Mark McKenna, professeur de droit à l'Institut de technologie, de droit et de politique de l'UCLA, a déclaré à TechCrunch que la situation n'était pas facile à démêler. Dans un cas d'utilisation équitable, les tribunaux évalueraient si le résumé reprend une grande partie de l'expression de l'article original, ou seulement les idées. Ils pourraient également examiner si la lecture du résumé pourrait remplacer la lecture de l'article.

« Il n’y a pas de lignes claires », a déclaré McKenna. « Donc [Perplexity] « Dire de manière factuelle ce que dit un article ou ce qu’il rapporte reviendrait à utiliser des aspects non protégés par le droit d’auteur de l’œuvre. Il ne s’agirait que de faits et d’idées. Mais plus le résumé inclut l’expression et le texte réels, plus cela commence à ressembler à une reproduction, plutôt qu’à un simple résumé. »

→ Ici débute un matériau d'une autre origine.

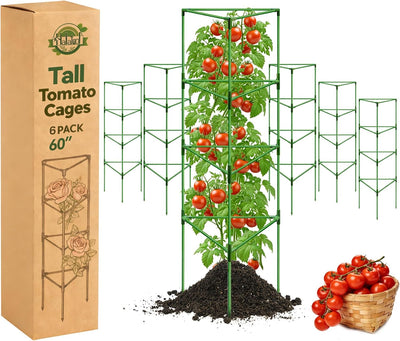 Jaula tomate 57pulg set 6 estacas enrejado metal plegable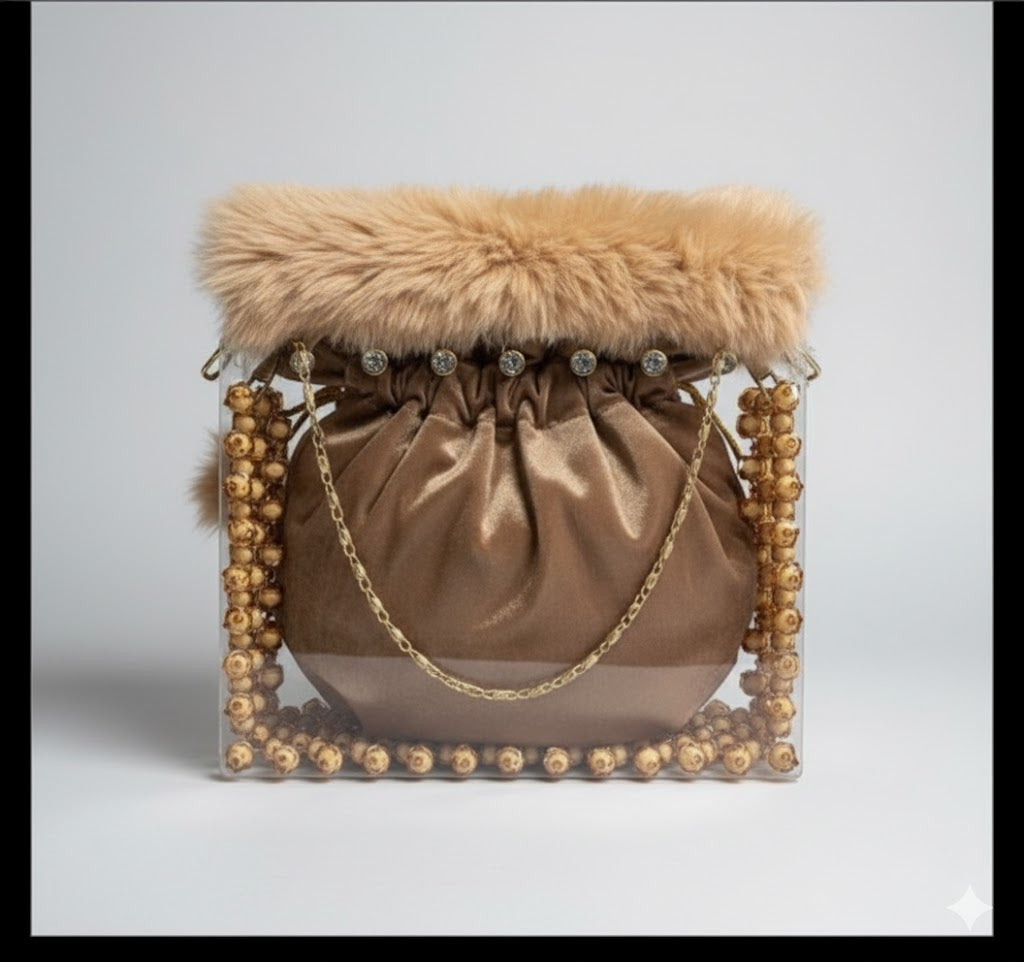 Handcrafted Pearl Potli Bag | Bridal & Wedding Clutch Purse with Drawstring | Elegant Drawstring Purse | Hand Beaded Bridal Potli | Luxury Ethnic Clutch Bag | Designer Pearl Wristlet Pouch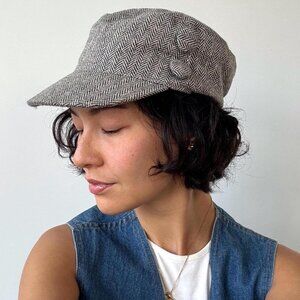 y2k vintage new deadstock herringbone tweed newsboy cabbie cadet castro cap hat
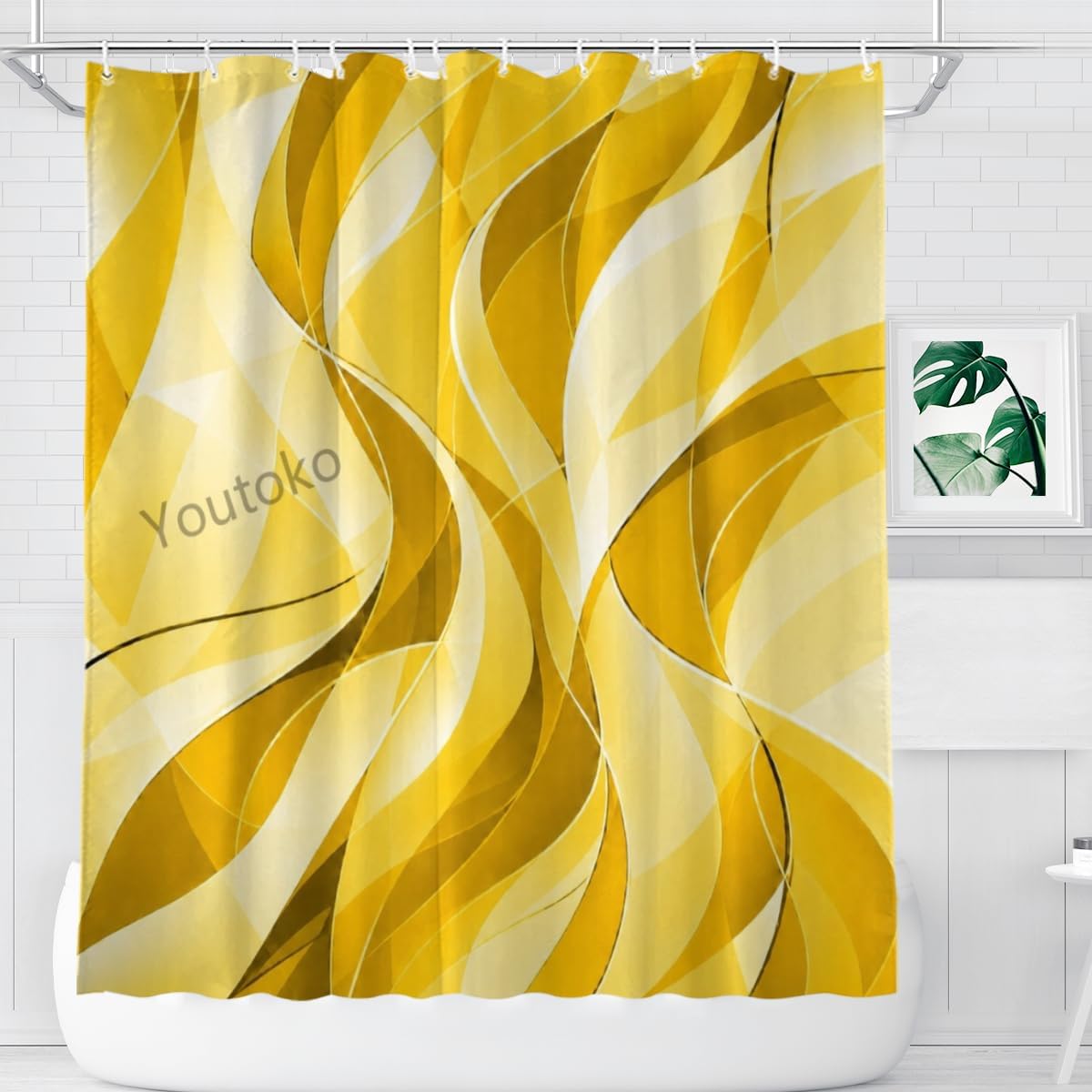 Abstract Yellow Shower Curtain Modern Wavy Lines Gradient Fabric 72x72 with 12 Hooks Neutral Aesthetic Waterproof Washable Polyester Bathroom Decor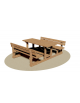 Tavolo in legno con 2 panche con spalliera in legno - cm 190x213x80h
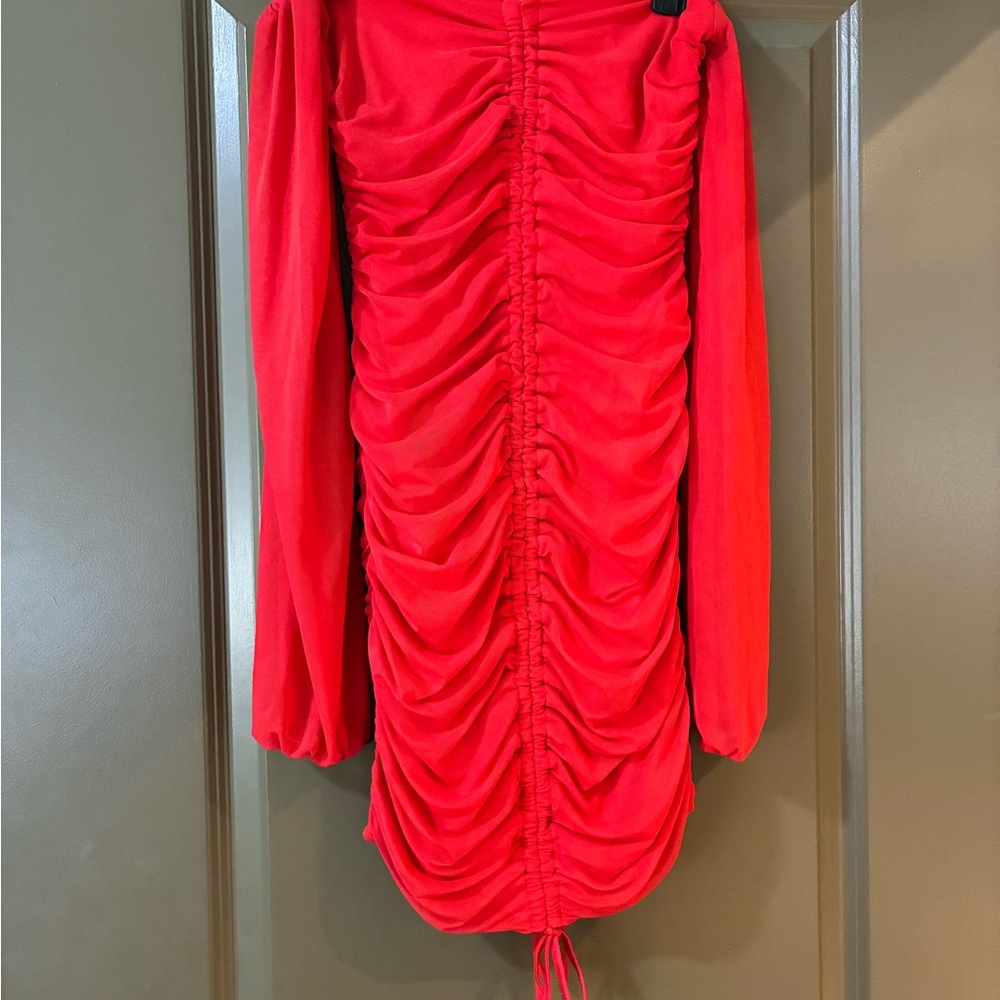Red Ruched Long Sleeve Mini Dress
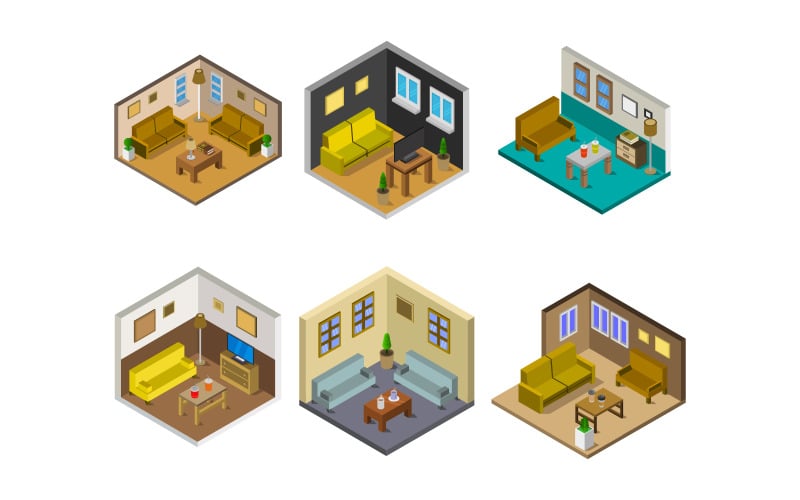 Isometrische Lounge Room Op Achtergrond - Vector Afbeelding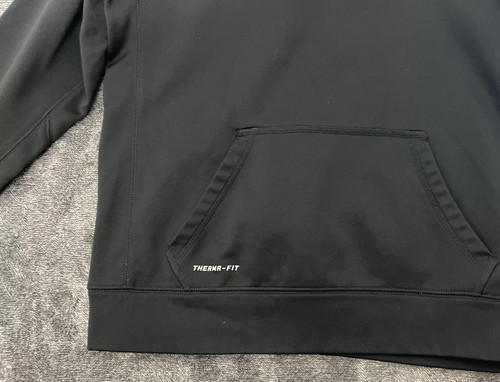 Nike Therma Fit Hoodie Boys Black Pullover Logo Size Large 12/14 - Picture 4 of 7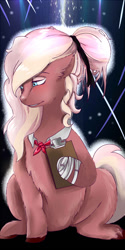 Size: 600x1200 | Tagged: safe, artist:helgabuttercup, imported from derpibooru, oc, oc only, earth pony, pony, clipboard, female, mare, solo
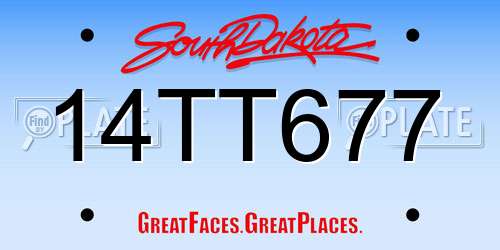 14TT677 South Dakota License Plate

Malheureusement pour les éditeurs, à moins que Perplexity n’utilise des expressions complètes (et apparemment, dans certains cas, c’est le cas), ses résumés pourraient ne pas être considérés comme une violation de l’usage équitable.

Comment Perplexity cherche à se protéger

Les entreprises d’intelligence artificielle comme OpenAI ont signé des accords avec un certain nombre d’éditeurs de presse pour accéder à leur contenu actuel et archivé sur lequel former leurs algorithmes. En échange, OpenAI promet de faire apparaître des articles de presse de ces éditeurs en réponse aux requêtes des utilisateurs dans ChatGPT. (Mais même cela comporte quelques problèmes qui doivent être résolus, comme l’a signalé Nieman Lab la semaine dernière.)

Perplexity a attendu jusqu’à présent pour annoncer sa propre série de contrats publicitaires, attendant peut-être que les accusations portées contre elle cessent. Mais l’entreprise avance à grands pas dans une série d’accords de partage des revenus publicitaires avec des éditeurs.

L'idée est que Perplexity commencera à inclure des publicités aux côtés des réponses aux requêtes, et les éditeurs qui ont du contenu cité dans une réponse recevront une part des revenus publicitaires correspondants. Shevelenko a déclaré que Perplexity travaille également à permettre aux éditeurs d'accéder à sa technologie afin qu'ils puissent créer des expériences de questions-réponses et alimenter des éléments tels que des questions connexes de manière native dans leurs sites et produits.

Mais s'agit-il simplement d'une feuille de vigne pour le vol systémique de propriété intellectuelle ? Perplexity n'est pas le seul chatbot qui menace de résumer le contenu de manière si complète que les lecteurs ne voient pas la nécessité de cliquer pour accéder au contenu source original.

Et si les scrapers d'IA comme celui-ci continuent de récupérer le travail des éditeurs et de le réutiliser pour leurs propres activités, ces derniers auront plus de mal à gagner de l'argent grâce à la publicité. Cela signifie qu'à terme, il y aura moins de contenu à scrapper. Lorsqu'il n'y aura plus de contenu à scrapper, les systèmes d'IA générative se tourneront alors vers l'entraînement sur des données synthétiques, ce qui pourrait conduire à une boucle de rétroaction infernale de contenu potentiellement biaisé et inexact.